Judge Sirica's opinion contains a good analysis of the prevailing law on when a prosecutor's comments are so prejudicial as to constitute due process violations that warrant reversal; and it reviewed some of the leading cases on that topic, particularly Donnelly v. DeChristoforo, 416 U.S. 637 (1974) and Darden v. Wainwright, 477 U.S. 168 (1986).

The principal reason why we have noted this case, however, is because of its discussion of the admissibility of hypnotically refreshed testimony at criminal trials. In this case, "the principal evidence [against Moore] was the victim's post-hypnotic identification" (id., at 97); and the Court noted that there was an "insufficient amount" of DNA evidence to enable the police to connect him to the crime. (Id., at 111). When the victim first called the police, her identity of her attacker was extremely "vague." She not only admitted that it was dark, and that she had kept her eyes closed throughout most of her ordeal, she was unable to provide sufficient details to enable a police artist to draw a composite sketch of her attacker. (Id., at 109). Some three weeks after the rape, the victim underwent hypnosis; and, suddenly, she was able to remember many details about her attacker. Not only was she then able to provide the police artist with enough details to draw a composite sketch of her attacker, she was also able to identify Moore "clearly," both in a lineup and at trial.

In seeking his habeas relief, Moore never challenged the State's use of the victim's hypnotically induced testimony - probably because of two factors. First, the New Jersey courts that reviewed this case found nothing in the evidence to suggest that the police had suggested what the assailant looked like. (Id., at 112). Second, under New Jersey law, "testimony enhanced through hypnosis is admissible in a criminal trial if the trial court finds that the use of hypnosis in the particular case was reasonably likely to result in recall comparable in accuracy to normal human memory . . . . The trier of fact must then decide how much weight to accord the hypnotically refreshed testimony." (Id., at 98, n. 1). In addition, the Court noted that "as recently as 1996, the New Jersey Supreme Court declined to adopt a per se rule prohibiting hypnotically induced testimony." (Id., at 112, n. 13).

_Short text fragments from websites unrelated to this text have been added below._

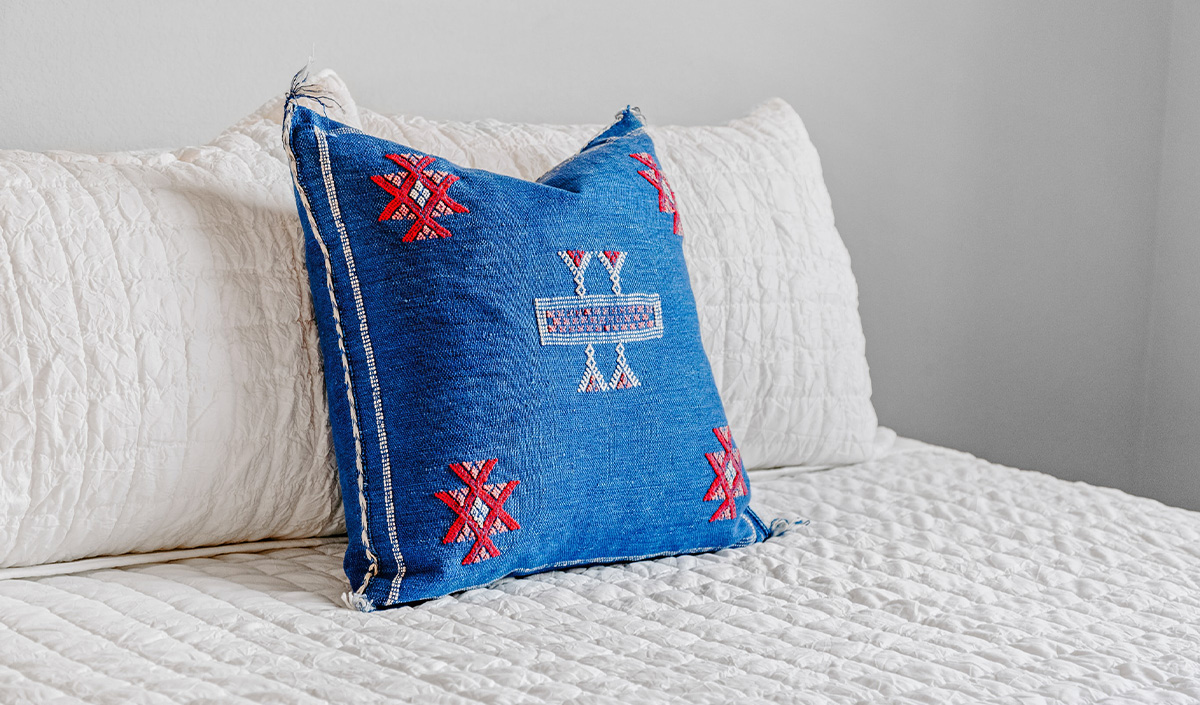 Idée déco : coussin en denim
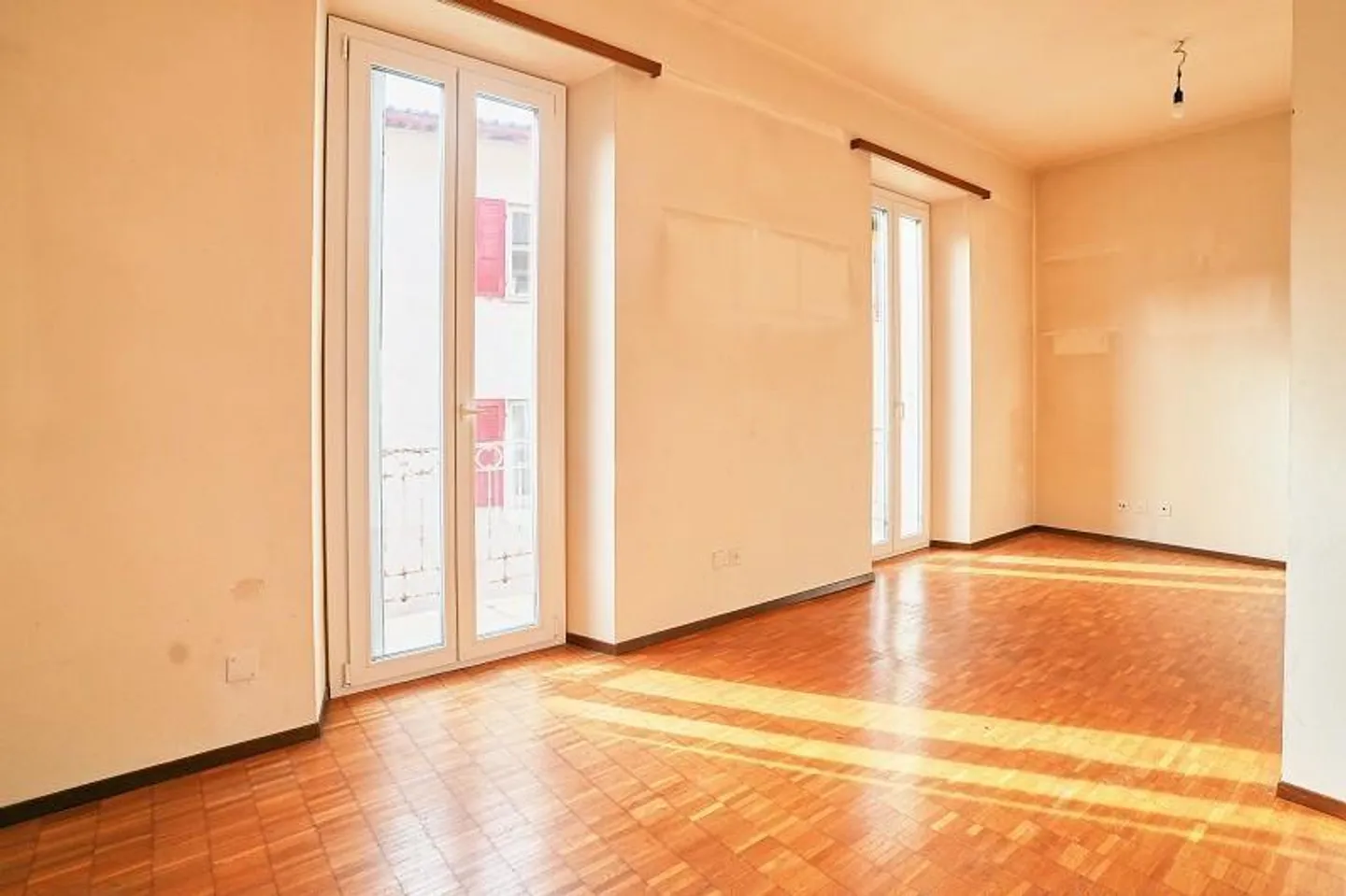 Casa bifamiliare nel centro del villaggio con appartamenti di 2 e 4 stanze con annessi - Foto 3 di 36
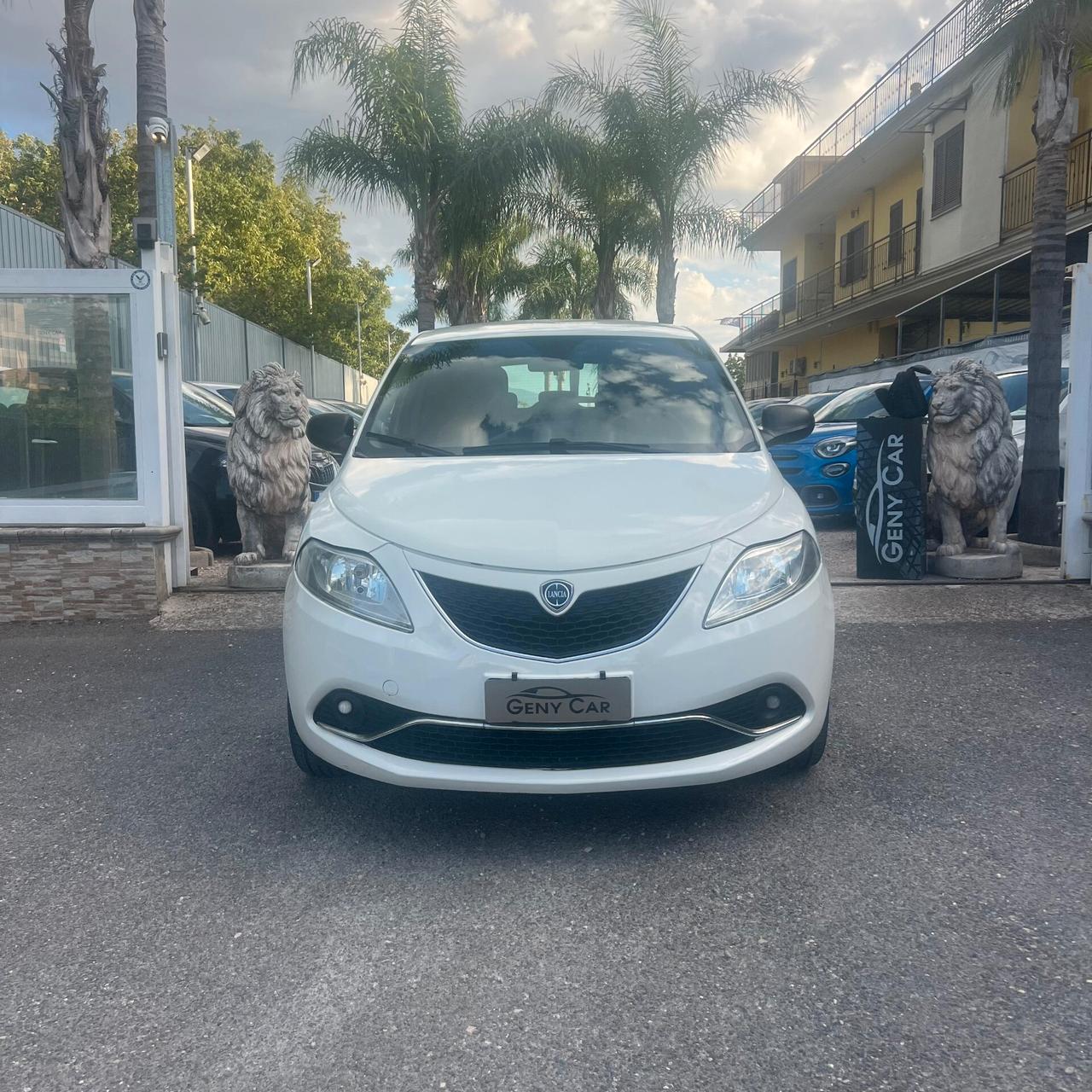 Lancia Ypsilon 1.2 69 CV 5 porte GPL Ecochic Gold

Citing the latest New Jersey decisions on the topic, the Court also noted that "twenty-six courts have found hypnotically refreshed testimony per se inadmissible while only four states, North Dakota, Oregon, Tennessee and Wyoming, find it generally admissible. . . . [In addition,] many federal courts, including the Courts of Appeals for the Fourth, Fifth, Seventh, Eighth and Eleventh Circuits, and several state courts, including courts in Alabama, Colorado, Florida, Mississippi, New Mexico, South Dakota and Wisconsin, determine on a case-by-case basis whether hypnotically refreshed testimony is sufficiently reliable to be admissible." (Id.)